Symptomatic stall : On the Go First crisis and the aviation industry
The aviation industry needs policy changes and regulatory overhaul
Go Airlines, the Wadia Group’s low-cost carrier, this week became India’s first domestic airline since the outbreak of the COVID-19 pandemic to go into a mid-air stall and seek bankruptcy protection. For an airline that rebranded itself as Go First less than two years ago in a bid-to make a fresh start, with CEO Kaushik Khona declaring at the time “our consumers come first” and “...our confidence in the brighter tomorrow”, the carrier’s abrupt announcement of a suspension of operations is rich in irony. While it has laid the blame squarely on “the ever-increasing number of failing engines” supplied by Pratt & Whitney, which it claimed had resulted in half its Airbus fleet being grounded, the engine problems could at best be termed the proximate cause.
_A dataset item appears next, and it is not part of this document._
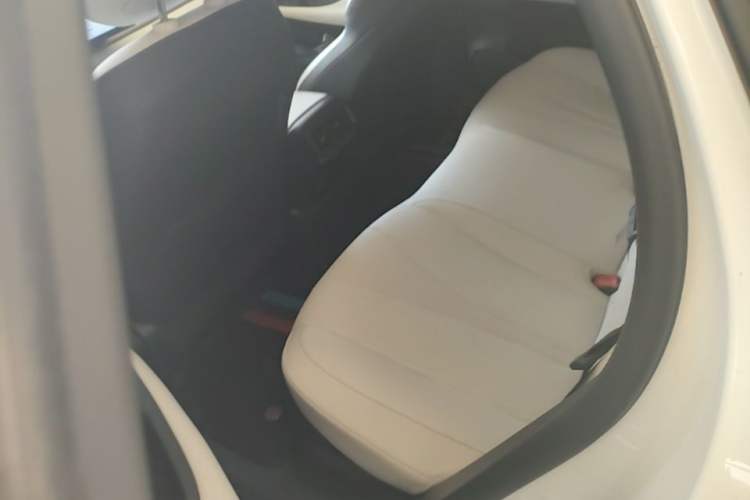 Used BYD Seal 05 DM-i 2025 DM-i Smart Drive 55KM Luxury Model Left Rear Seat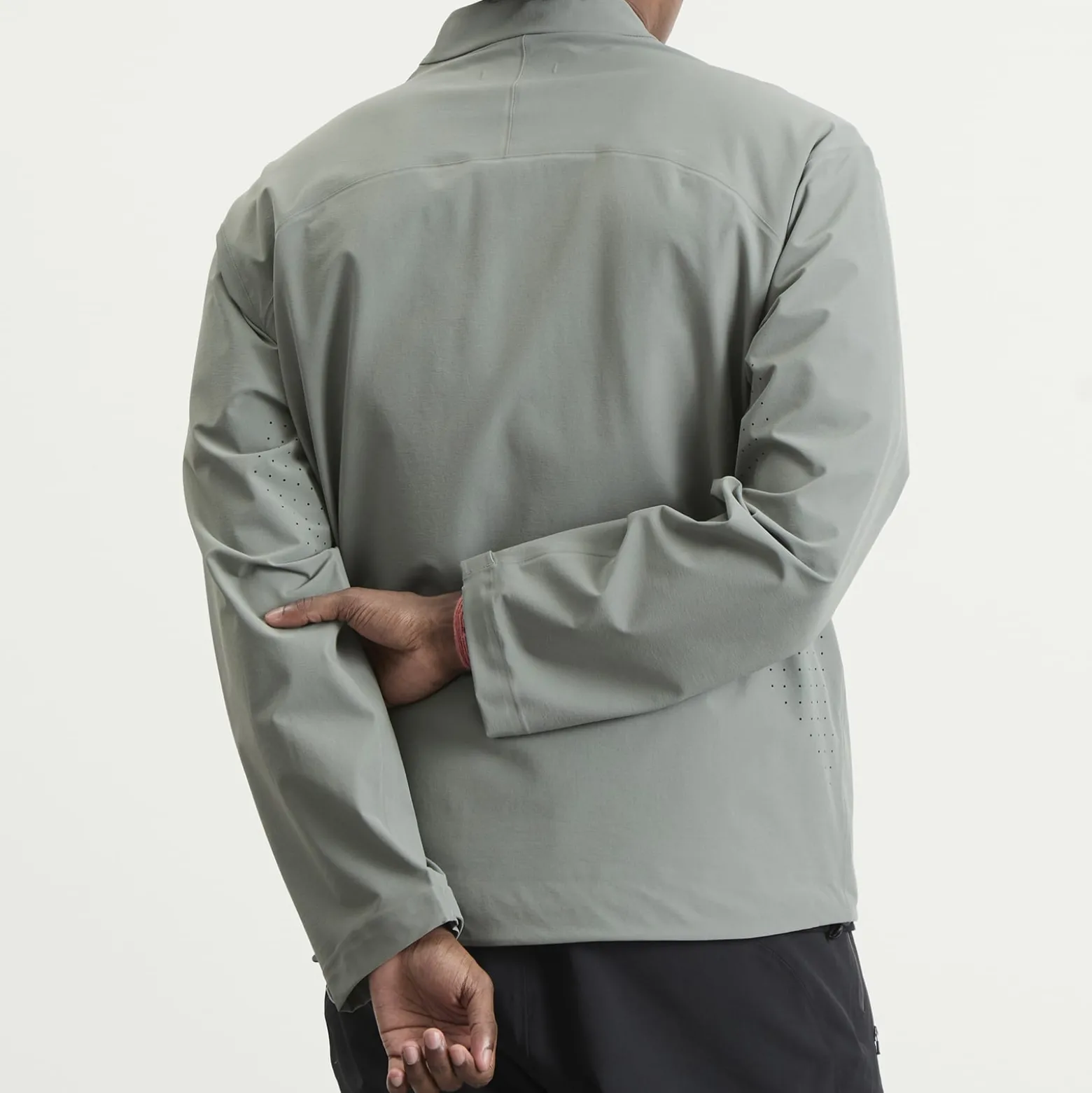 Hiking Patrol Edge LT Softshell Technical Jacket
Go First’s financial woes predate the fleet troubles and the pandemic and are largely symptomatic of the malaise afflicting the wider industry. Given the high capital and operational costs, the commercial air transport industry operates with wafer thin margins. Added to this, the swelling competitive intensity in India’s budget airline sector a decade and a half ago saw rivals adopt aggressive pricing strategies to gain market share that stretched balance sheets and made companies more vulnerable to shocks.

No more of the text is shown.